## Exercise prompt
Everything below from the line with "Hi, I'm Noah, this" through the line with "Welcome back to" should be copied exactly, and nothing else; leave out the pictures.

## Dataset excerpts
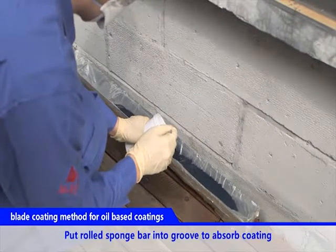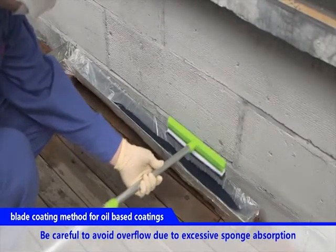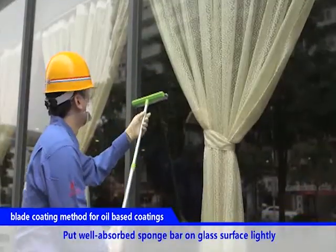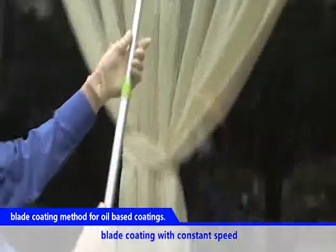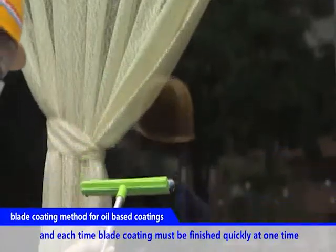Put rolled sponge bar into groove to absorb coating. Be careful to avoid overflow due to excessive sponge absorption. Put well-absorbed sponge bar on glass surface lightly. Blade coat with constant speed, and each time blade coating must be finished quickly at one time.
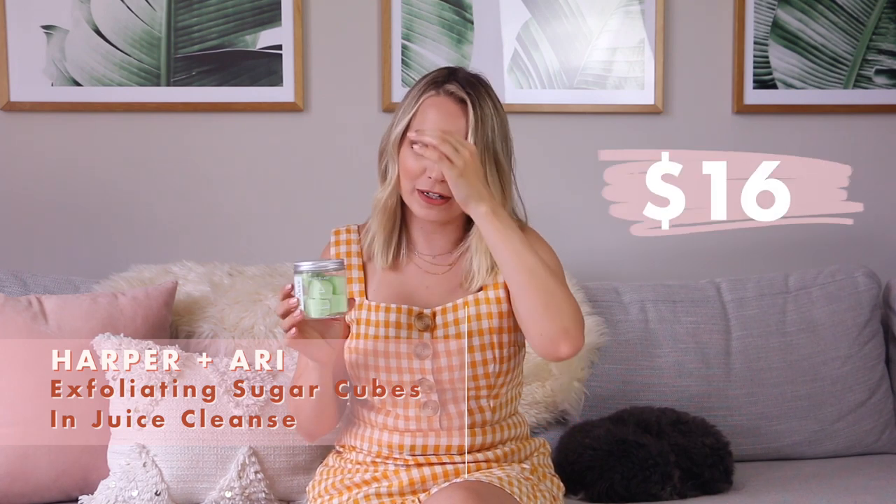These next three products come in every single box no matter what — and I'm excited about them. When I opened the box I immediately went "oh my gosh" because I've wanted to try these for a while. I've seen them in different stores and just never took the plunge. This is called Juice Cleanse — I'm guessing that's the scent. Oh my gosh, that smells so good — like a spa version of a green apple Jolly Rancher in a really good way. I'm just going to keep this right here as I finish the video.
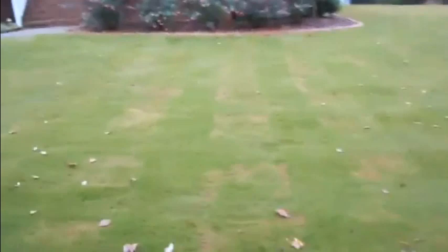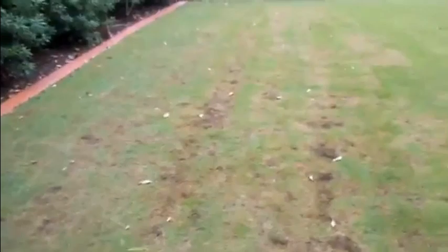You can see the scalping that the mower's doing. Here's another area with more of that black material, and here's probably another area of armyworm damage. This is a stressed-out area over here, but we found most of those armyworms in this area — and this is the kind of damage they can cause, as you can see them feeding.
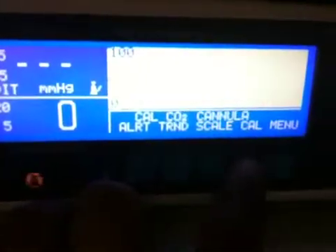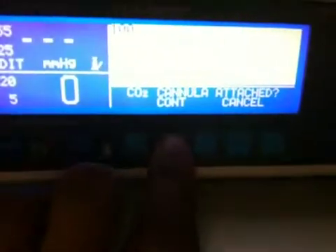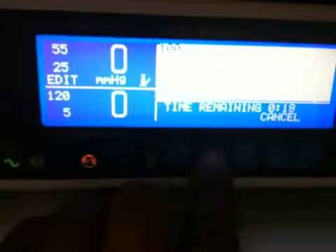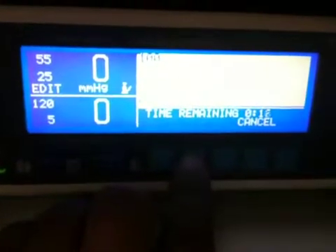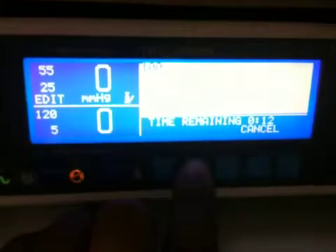And then, always press Cal and hit Continue and hit Start. Now it is setting for the Room Air.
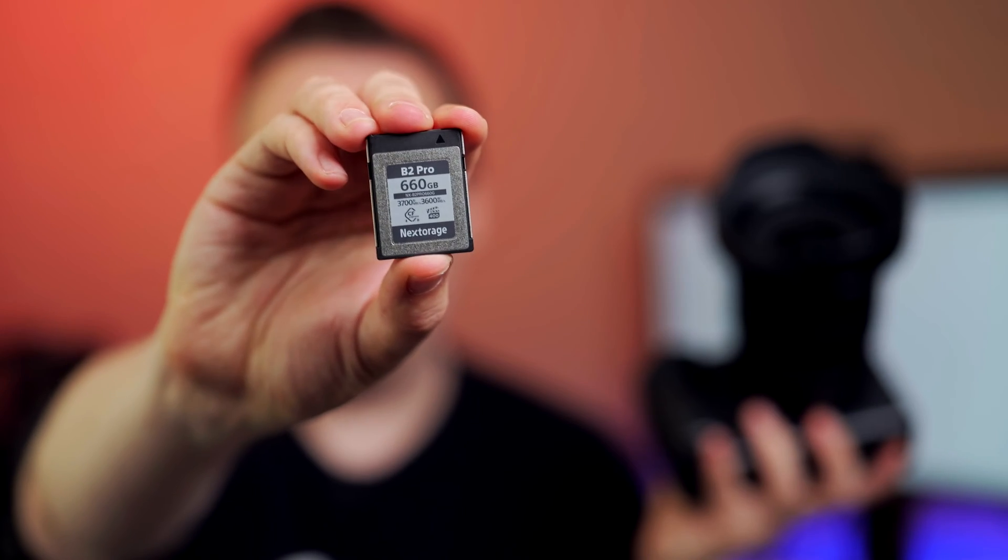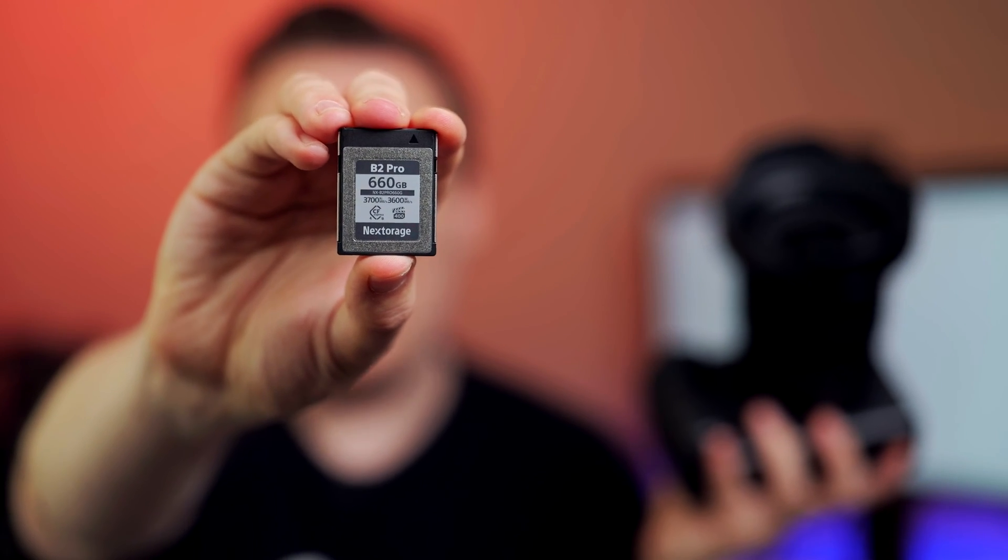It's not too demanding for a CFexpress Type B memory card, which is also good for you — because you don't have to buy the absolute fastest CFexpress Type B cards, which may cost one-and-a-half to two dollars per gigabyte. You can get it much, much cheaper.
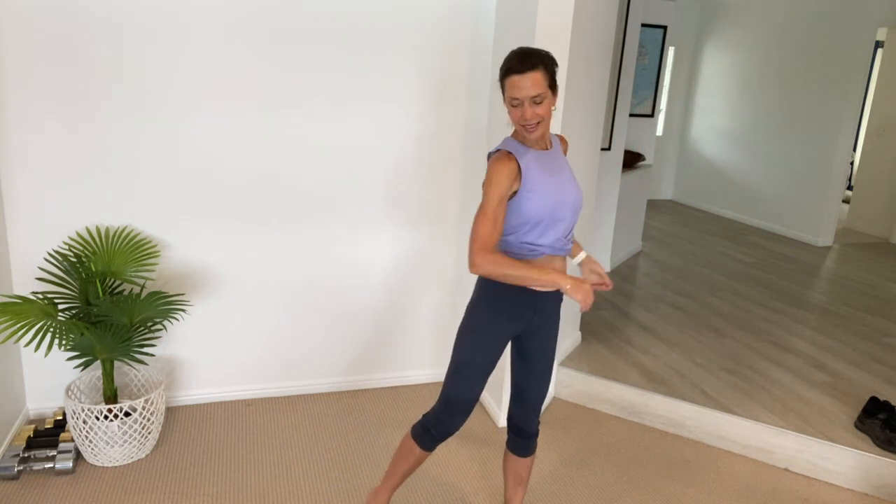Let's begin with our warm-up. Have your feet a little bit wider than hip distance apart and just roll those shoulders back one at a time, then reverse and roll in the opposite direction. Just add that twist by pivoting on your foot — that will protect your knees as we do this warm-up. Take a nice big deep breath in and exhale, and just soften those knees.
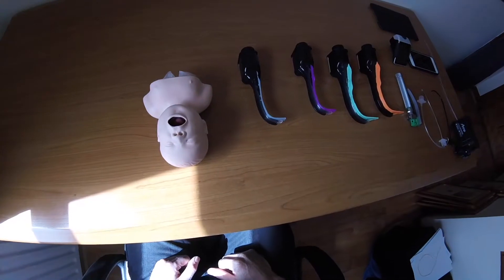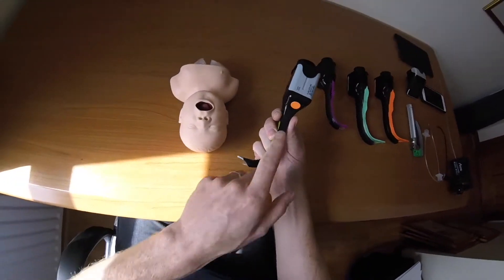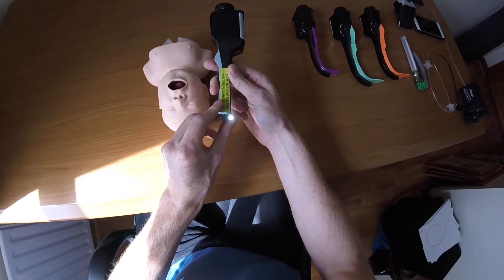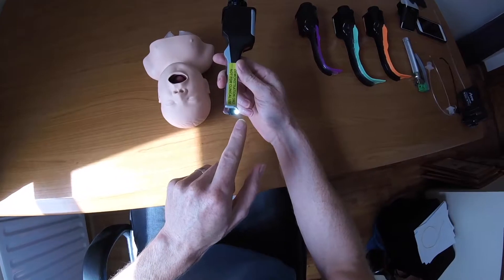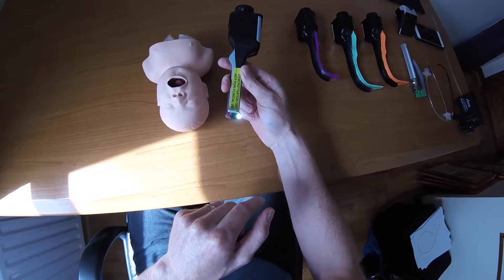We've got the neonatal mannequin, so this is the one I'm going to work on. The first thing you need to do is switch the Airtrack on by pressing this button. The light on the bottom turns on and flashes initially, indicating the Airtrack is warming up. You shouldn't use it until the light stops flashing.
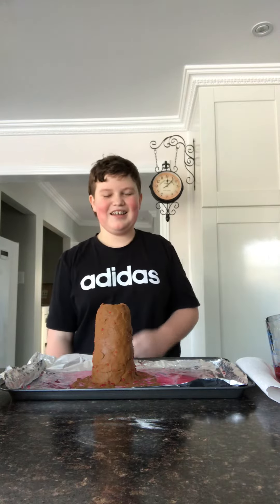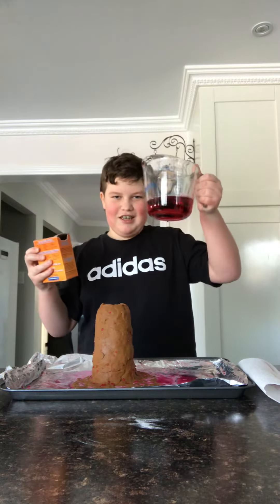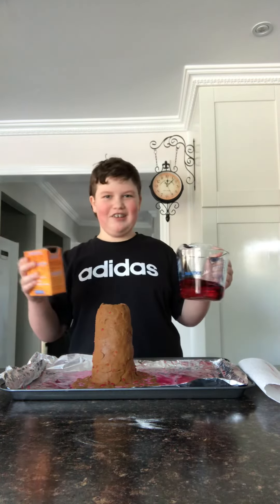Hey guys, today I'll be doing a chemistry reaction with this model volcano. We take this baking soda, we take this vinegar — it's red so it looks kind of like lava — and put them together and the volcano will erupt.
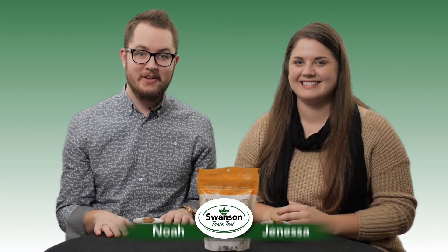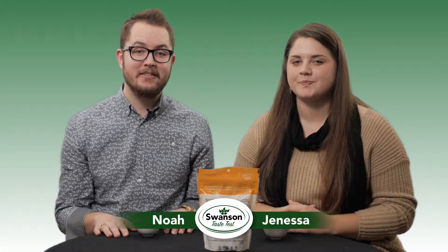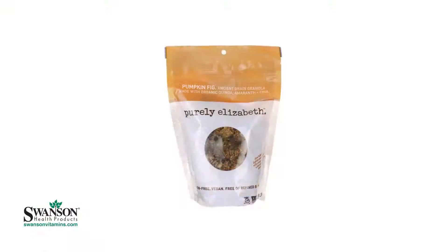Hi, I'm Noah, this is Janessa, here with Swanson Health Products, and today we're going to be trying Purely Elizabeth's Pumpkin Spice Granola. Give it a try there.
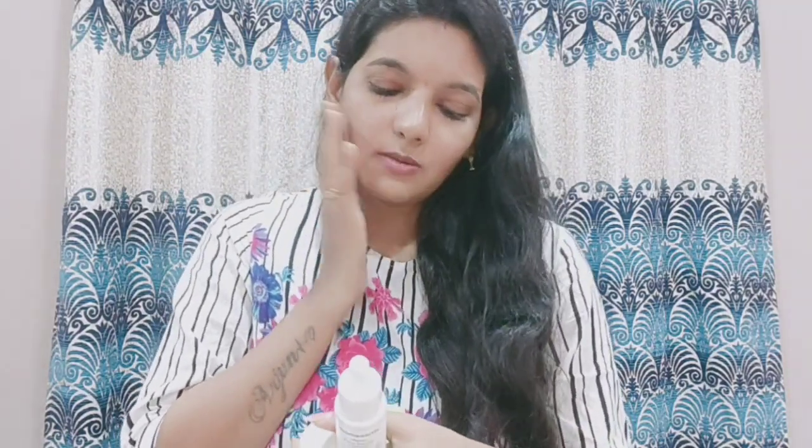Massage it gently in the morning. It will absorb into the skin. It is very important. It has natural ingredients. You can do a patch test first and try it on your skin if you want to change your product.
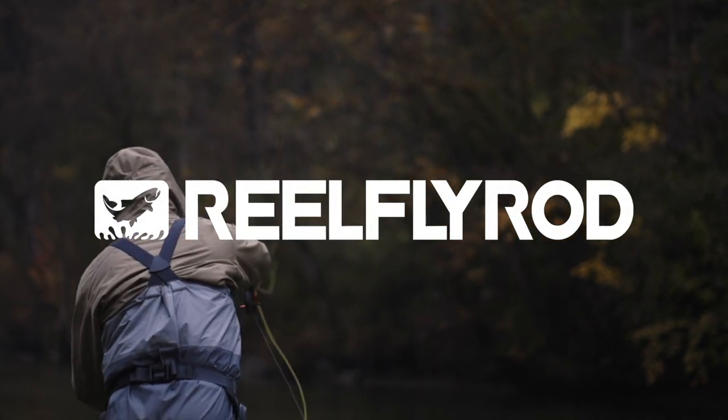Welcome back to Real Fly Rod — Sage R8 Salt Breakdown. I'm Sean, and I'm here with Todd. Todd, how are you?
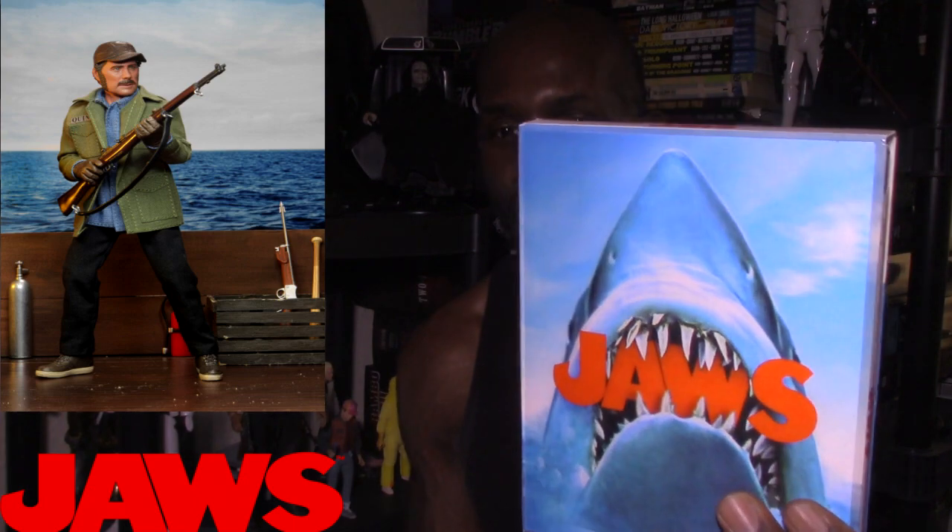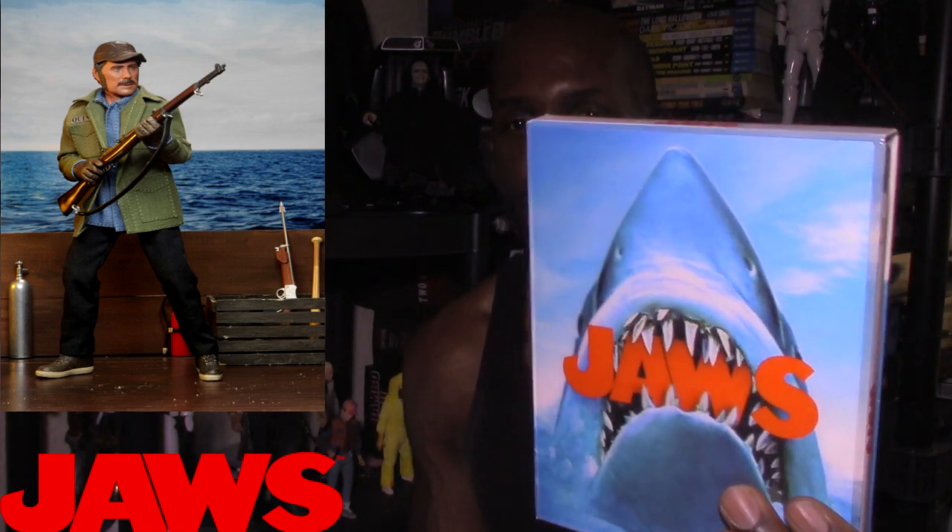Quint is actually based on the character that Robert Shaw played in the original Jaws film, which I have right on the 4K Blu-ray. That has always been like one of my all-time favorite films. And I was excited that NECA announced — it was last year — that they were making Jaws figures.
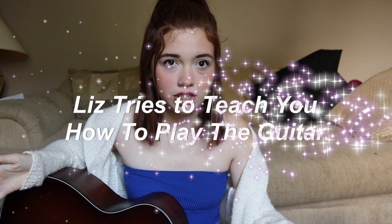Welcome to 'Liz Tries to Teach You How to Play the Guitar.' You guys have been posting covers of 'Grieving' and they make me really happy. You've also asked me the actual chords and how I play 'Grieving,' so I thought I would just make a video showing you.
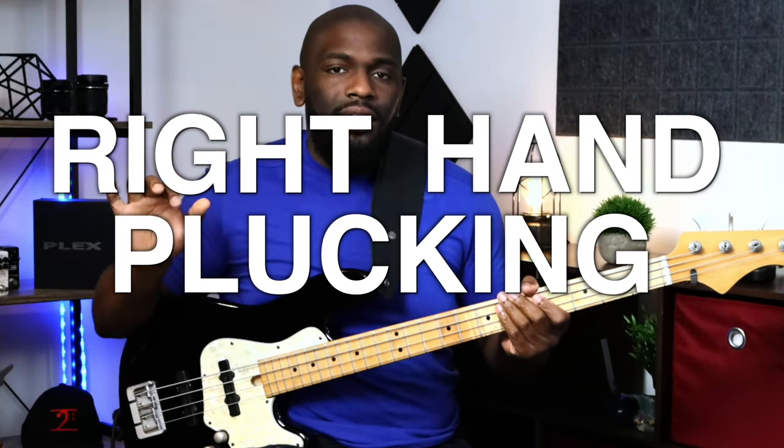What's going on guys, check it out — we're back at it again with another lesson. I wanted to address a bad habit that I see a lot of beginners use, and I completely understand because I played this way as well. We're going to talk about a few things you can do to correct this bad habit with the right-hand plucking technique and get you straight.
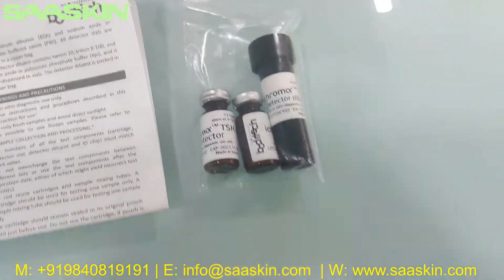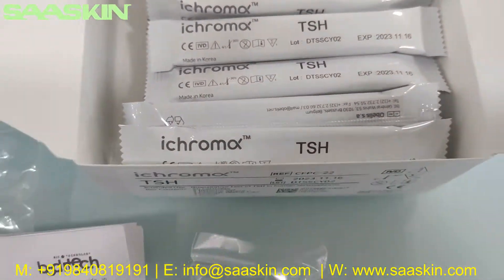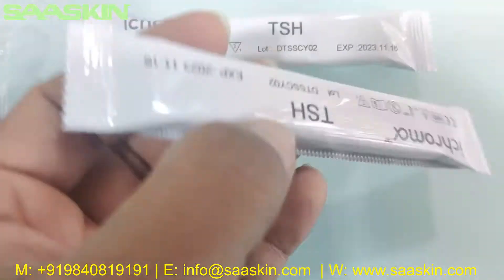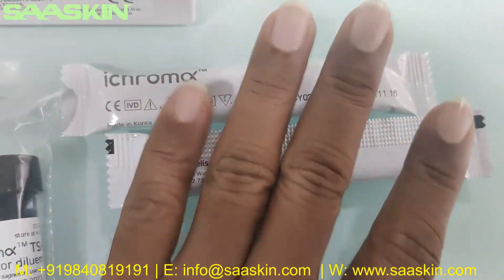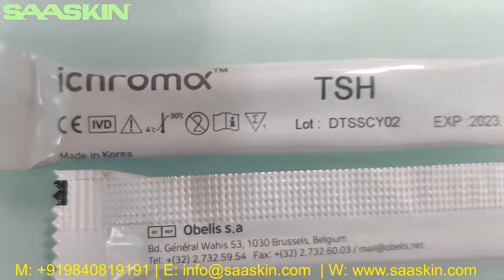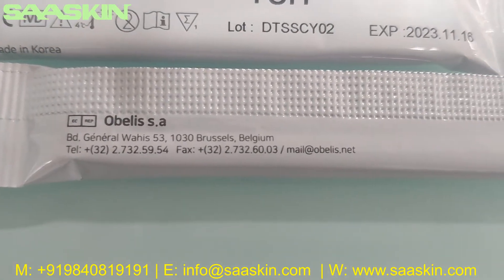Inside the sealed pack, you can see 25 test cartridges. This is the test cartridge of the iChroma TSH — CE-IVD certified. You can see the lot number and the expiry date on the cartridge pack.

## Exercise solution
Hi, I'm Noah, this is Janessa, here with Swanson Health Products, and today we're going to be trying Purely Elizabeth's Pumpkin Spice Granola. Give it a try there.
Massage it gently in the morning. It will absorb into the skin. It is very important. It has natural ingredients. You can do a patch test first and try it on your skin if you want to change your product.
Welcome back to Real Fly Rod — Sage R8 Salt Breakdown. I'm Sean, and I'm here with Todd. Todd, how are you?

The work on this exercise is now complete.